Tri-tip steak is a marbled, flavorful cut of beef that lends itself to a variety of preparation methods. This steak may be difficult to obtain unless you go to a specialty meat store, as there are only two tri-tips on a cow. Choose a cooking preparation that highlights the simple flavor of the beef. Slice your cooked tri-tip steak very thinly against the grain and serve with a simple sauce.
These steaks are cut from the tri-tip roast, which is the tip of the sirloin of the cow. You may have to request the tri-tip as a special cut from your local butcher. While the tri-tip is known by a variety of names, including sirloin tip, sirloin butt, California cut, bottom sirloin or Newport steak, tri-tip describes the steak well, as it is the three-pointed tip of the sirloin.

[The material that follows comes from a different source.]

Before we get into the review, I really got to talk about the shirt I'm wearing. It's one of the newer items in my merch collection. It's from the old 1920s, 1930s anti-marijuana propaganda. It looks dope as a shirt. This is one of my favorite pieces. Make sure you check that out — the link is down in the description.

While the weight of a tri-tip steak varies, the serving size of a tri-tip steak is approximately 2 to 3 oz. after cooking. Tri-tip is considered a lean meat and typically contains less than 3 g of fat per ounce. You can reduce the amount of fat in your steak by trimming as much fat off the meat as possible, but remember that the marbled fat provides flavor.
Lean meat such as tri-tip steak provides protein, B-vitamins and iron, and it can be a healthy part of your diet in moderation. A 3-oz. serving of tri-tip steak can be the center of your meal, augmented by a variety of colorful vegetables. While you can most accurately weigh your serving of steak on a kitchen scale, you can also estimate the serving size. A 3-oz. serving of steak is approximately the size of a deck of cards.
The American Heart Association recommends purchasing beef cuts labeled "choice" or "select" when possible, instead of "prime." Since the tri-tip steak is a specialty cut, you may not be able to judge the amount of fat in the cut by the label. If your doctor has recommended that you reduce your intake of saturated fat, trim as much of the visible fat from the meat as possible. Grill or broil your steak rather than fry it in additional fat.